Interfaith Road Show

A minister, a rabbi and a sheik get together...and this is what happens. Yes, it's true that in interfaith dialogue many of us try to avoid the difficult topics unless they're raised - I was on an interfaith panel that included my Ahmaddiya Muslim colleague devoting his entire presentation to the crucifixion of Jesus being a falsehood. Would I have spoken about the difference between Muslims and Christians on this issue if he hadn't raised it?

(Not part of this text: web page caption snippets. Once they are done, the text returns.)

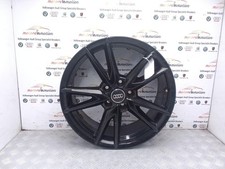 AUDI Q2 2020 18 Inch 5 V Spoke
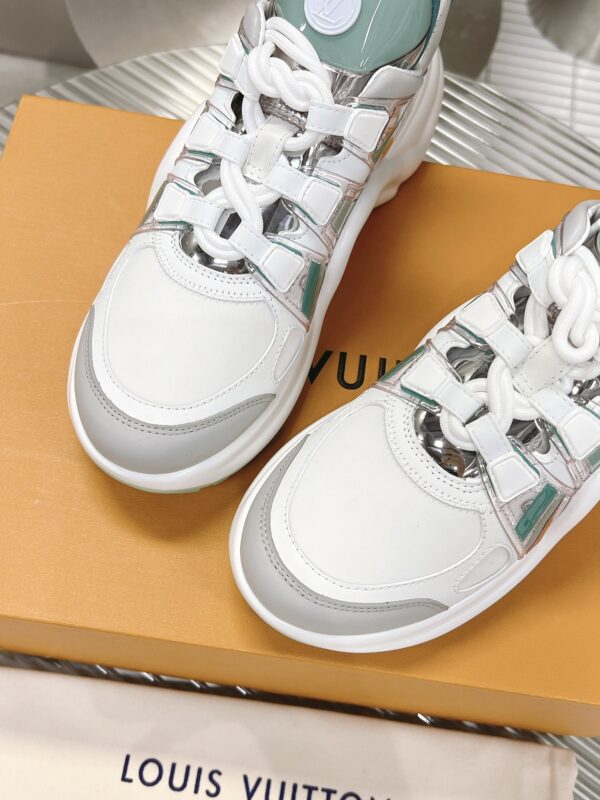 LV Archlight 1.0 shoe - Image 5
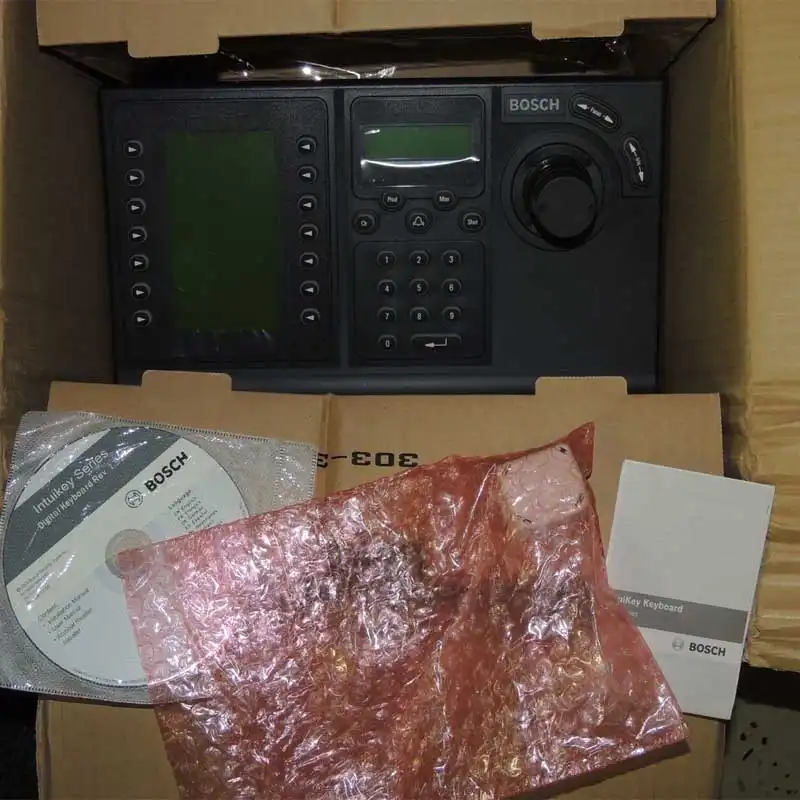 کیبورد کنترل بوش مدل KBD-DIGITAL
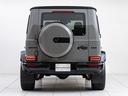 Ｇ６３　ＡＭＧレザーエクスクルーシブパッケージ　保証付　ＡＭＧ世田谷オーダープログラム　特別色クラシックグレー　純正ナイトパッケージ　マットブラック２２インチ　ホワイトウッドインテリアトリム　レザーエクスクルーシブＰＫＧ　マヌファクトゥーアＰプラス（14枚目）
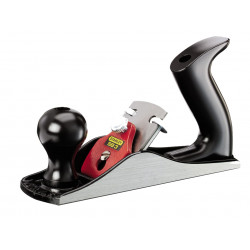 STANLEY® Hand Tools 1-12-033 SB3 Single Blade Plane (1.3/4in)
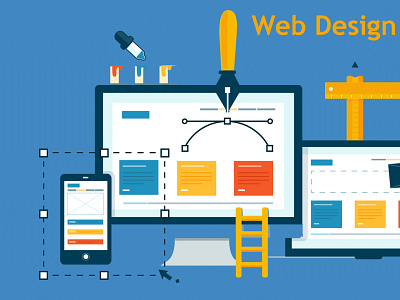 web design agency in Greater Houston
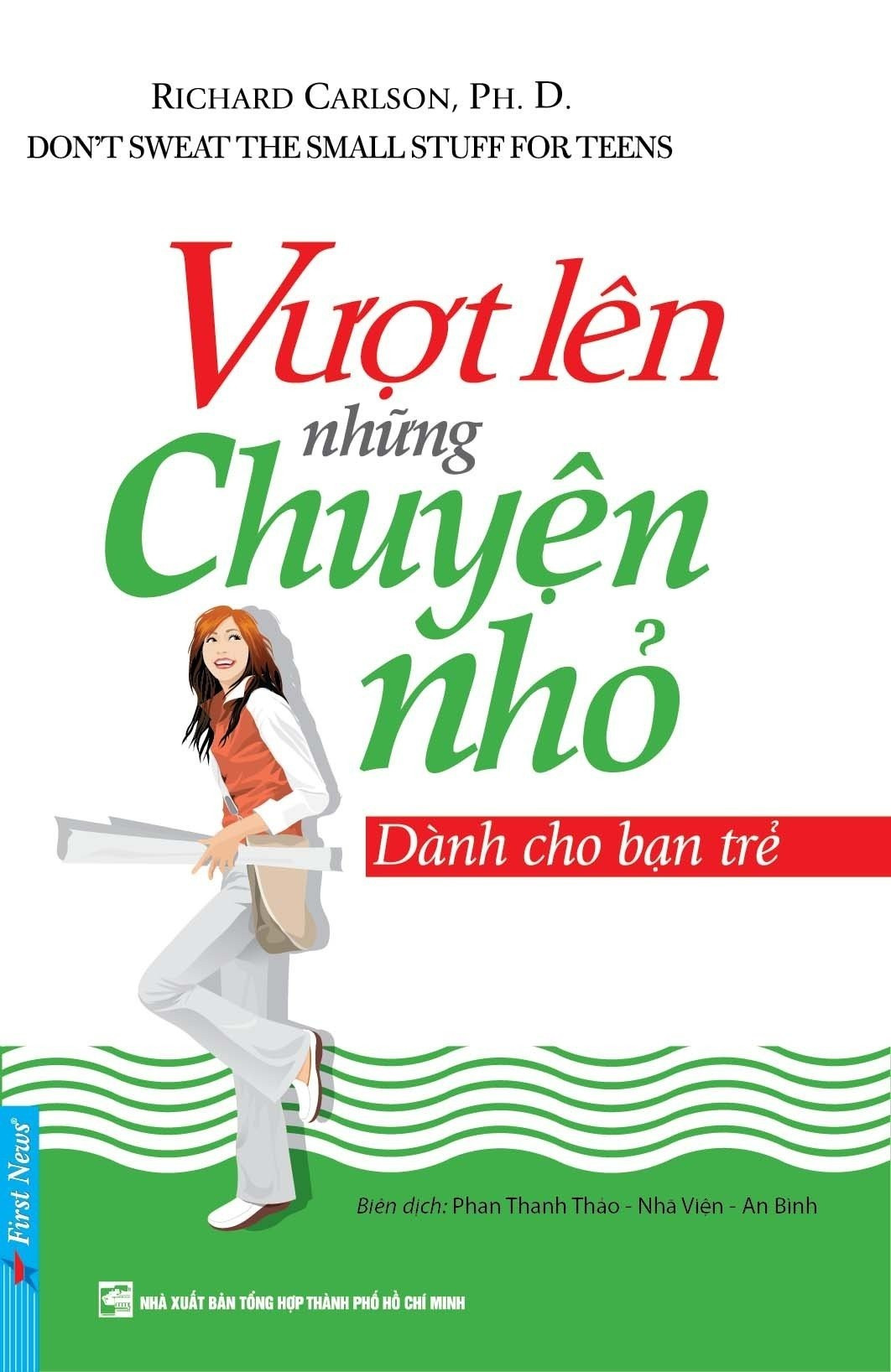 Vượt Lên Chuyện Nhỏ – Dành Cho Bạn Trẻ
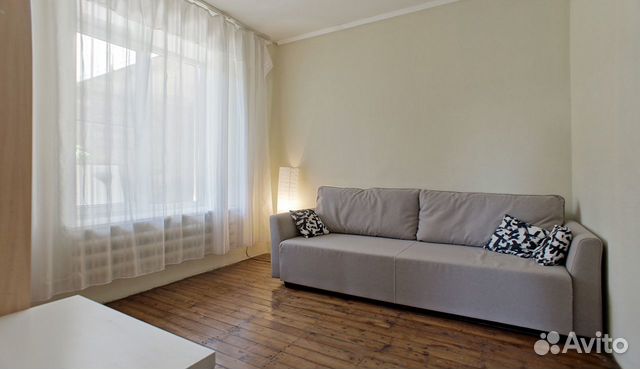 

2-к. квартира, 75 м², 3 кровати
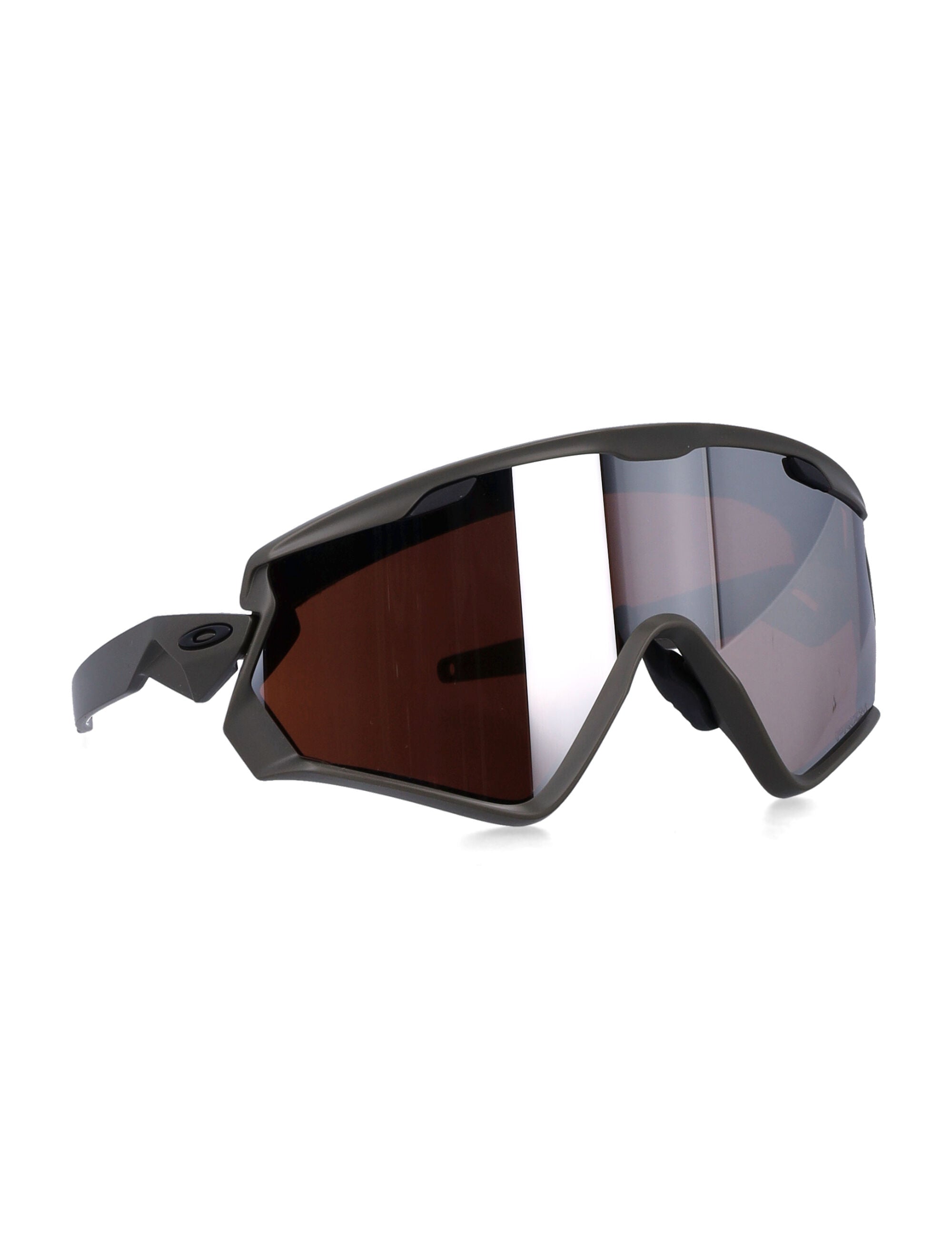 OAKLEY Performance Wind Jacket 2.0 Sunglasses - Large Lens Design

Saturday, November 14, 2009

Pollution in China

Chinese industrial pollution - in sickening colour. Reminds me of Edward Burtynsky's photos in Manufactured Landscapes.

Central American Thoughts

Nicholas Kristof, the New York Times columnist who writes about international affairs (his latest book is about the importance of lifting women out of poverty) asked for suggestions on where and who to visit in Central America for development stories. I typed out a few thoughts in the comments section of his blog:
"When I was visiting the United Church of Canada’s Mission and Service Fund projects in Nicaragua’s northern Atlantic region, I was impressed by the work of the Moravian Church in Puerto Cabezas. The church operates schools (including a university campus with a seminary) and a water-bottling operation that provides clean drinking water for the entire town. There is a Moravian women’s community centre which was built with funds provided by the Presbyterian Church of the USA, with a coordinator paid by the United Church of Canada. Miskito women at the centre make quilts and pillow cases for sale to feed their families in Puerto Cabezas and the interior. When I was there in 2007 they were asking for funds for classes to teach the women how to use sewing machines. Two other aspects of the story of this area: it is near the Honduran border, so many of the men were Contra fighters during the 1980s, although there seems to be a spirit of cooperation between former Contras and the Sandinista government that was newly elected when I visited; and two hurricanes have hit the region hard in the last two years."

He's receiving a lot of excellent advice from people with experience on the ground in Central America - looking forward to his columns from the region.

Friday, November 13, 2009


Well, I am seriously out of the blogging loop - so far out that I had forgotten that there was a loop. Graduating, being ordained, moving, moving again, getting broken in at the new churches, finding it easier to post links and thoughts to Facebook than to the blog...all added up to no blogging for quite some time. But I promise to be a more conscientious blogger from now on.

Just back from the American Academy of Religion annual meeting in Montreal, where I presented a paper on French-language evangelism in the United Church of Canada, 1925-1975. Great conference - heard Tariq Ramadan (one of the world's leading Muslim intellectuals) twice, the Black Liberation theologian James Cone, a panel on multifaith understandings of death and dying in hospice care, a panel on the "death of God" theme, a presentation on Iroquois spirituality and culture with Ellen Gabriel (familiar to many Canadians from the Oka crisis 19 years ago), and saw the Bill Maher anti-religion documentary Religulous. Best line heard during the conference goes to James Cone: "Anyone who does not address the liberation of the poor and weak does not have the gospel. Maybe another gospel, but not the Christian gospel." He went on to say, "It's hard to preach the gospel and not be offensive. They just don't go together." Inspiring, enlightening, thought-provoking.